Rob history and fiction of crime, how tame and colourless would be the residue!
Project Gutenberg is one of a few ongoing efforts to digitize old books and put them online for free, and a single crime title is all it takes to make your correspondent wild-eyed with delight. The Gutenberg crime offerings include a book that has been on my "List to Buy With Lotto Winnings" for a long, long time.

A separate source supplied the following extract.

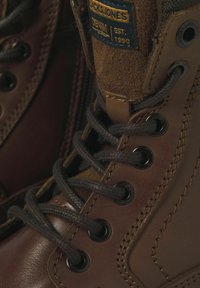 Las botas de cuero marrón presentan ojales de metal, cordones oscuros y una lengüeta de tela texturizada, con una pequeña etiqueta de logo y detalles de costura visibles.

One of my lucky numbers came in with the digitizing of A Book of Remarkable Criminals by Henry Brodribb Irving. H.B. Irving (1870-1919) was an attorney better known as an actor -- the photo here shows him playing Mr. Hyde, and comes from a terse online biography. Between 1901 and 1921, he wrote six books on criminology, including The Life of Judge Jeffreys, but it is his Book of Remarkable Criminals that gives him lasting fame in a certain set. His careful work, filled with Shakespearean references and superb writing, was admired by crime buffs, which unfortunately did not include his biographer. The latter wrote of his hobby of crime study the following:
H.B. outwore his physical strength ere he was fifty. Would it have been otherwise if he had not so thoroughly and so constantly pursued such a morbid hobby as the study of murder? And could he not have put his fine intelligence and exceptional literary gifts to better use than perpetuating in print the deeds of criminals? In any case, although old gentlemen, be they poets or philosophers or otherwise, may sit up without doing themselves any harm once in a lifetime 'talking about murders,' the pastime would not seem to be a healthy exercise for... an ambitious actor.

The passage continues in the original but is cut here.